Limitations and future directions

One of the limitations of the present study stems from the fact that participants were not randomly assigned to receive diagnostic evaluation from either the public system or the pilot clinic. Data for the two samples were collected at different points in time, i.e., before and after the implementation of the pilot clinic in 2015, which could have led to potential time or cohort effects. To the extent possible, the present study adopted analytical methods that controlled for several characteristics of children and families that differed between the two samples. However, in the absence of random assignment, parents and children within the two groups may differ ways that were not directly assessed in the context of this study and thus could not be accounted for in the interpretation of results. Future studies seeking to test family-centered service delivery models should adopt random allocation of participants when feasible. These two different clinical contexts used different assessments of challenging behavior and emotional difficulties, as well as different respondents (i.e., either a parent or a staff member) to complete these assessments. An additional limitation is that standardized measures of intellectual functioning were selected on a case-by-case basis to account for children’s age and development (including verbal ability). It would not have been realistic to ask the diagnostic assessment teams in the two clinical contexts to modify their professional practices for the purpose of this study. However, various studies have previously documented the convergence of these different instruments, such that scores obtained with one or another instrument of the same construct, used in similar situations, can be understood to communicate similar information about the child’s developmental and clinical profile. However, some authors have raised concerns about the comparability of IQ scores obtained with different tests (Bünger et al., 2021). One final limitation to consider is that, because diagnostic evaluations took place in English or French only, all participants in the present study were fluent in one or both languages. The results of the present study cannot be generalized to other linguistic populations.

Conclusions

The findings of the present study underscore the importance of providing diagnostic services based on a family-centered model that gives direct support to families during the diagnostic period, beginning with the first suspicions of atypical development in their child and ending with the provision of appropriate interventions.
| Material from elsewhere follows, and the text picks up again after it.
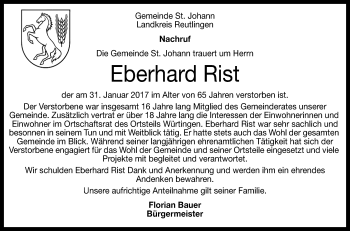 Anzeige von Eberhard Rist von Reutlinger Generalanzeiger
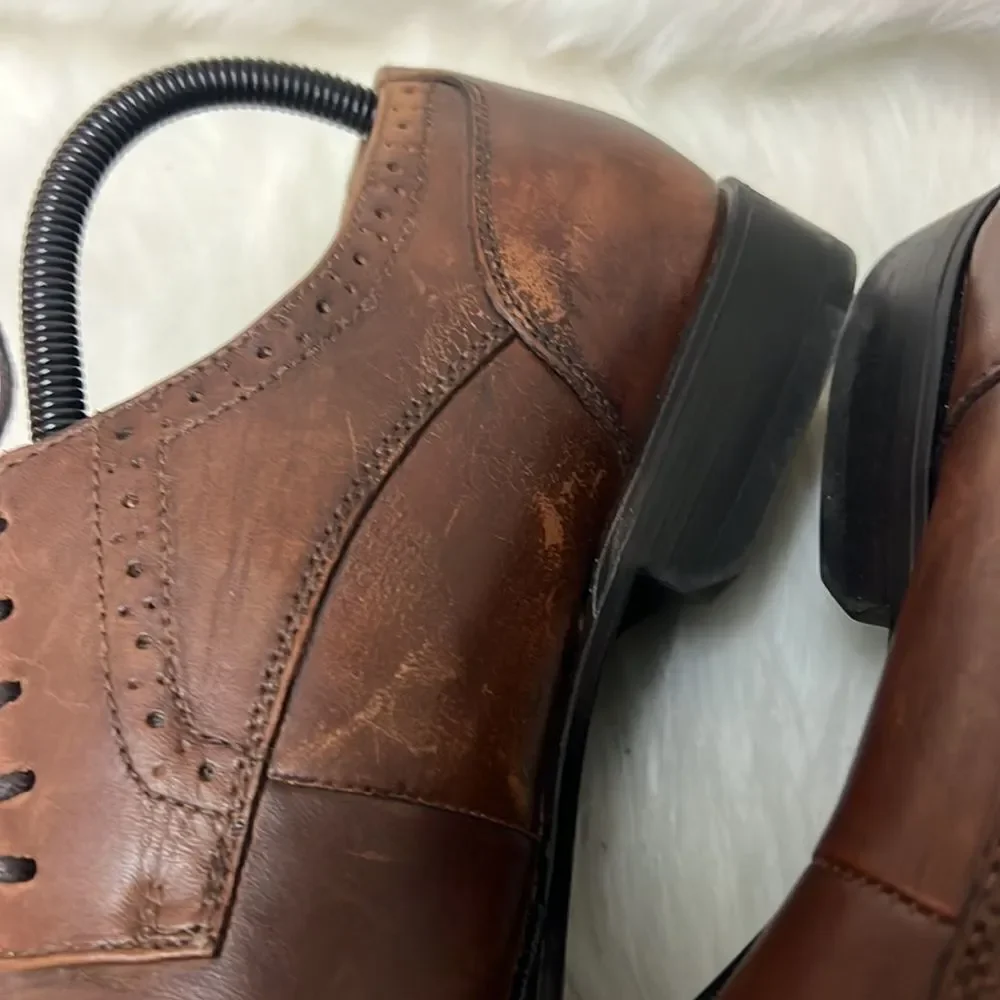 Collection by Michael Strahan Brown Leather Dress Shoes Size‎ 10 B27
Indeed, this is a stage in family life where parents experience a number of stressors and typically receive few formal supports. In addition to diagnostic evaluation services provided according to best practices, the findings of the present study suggest several pathways to better supporting families. Promising avenues include mental health support to parents as early as the diagnostic evaluation phase, coaching interventions that assist parents in managing challenging behaviors in their child, and related supports for families presenting other risk factors (e.g., respite care for larger families or vocational counseling for parents seeking employment).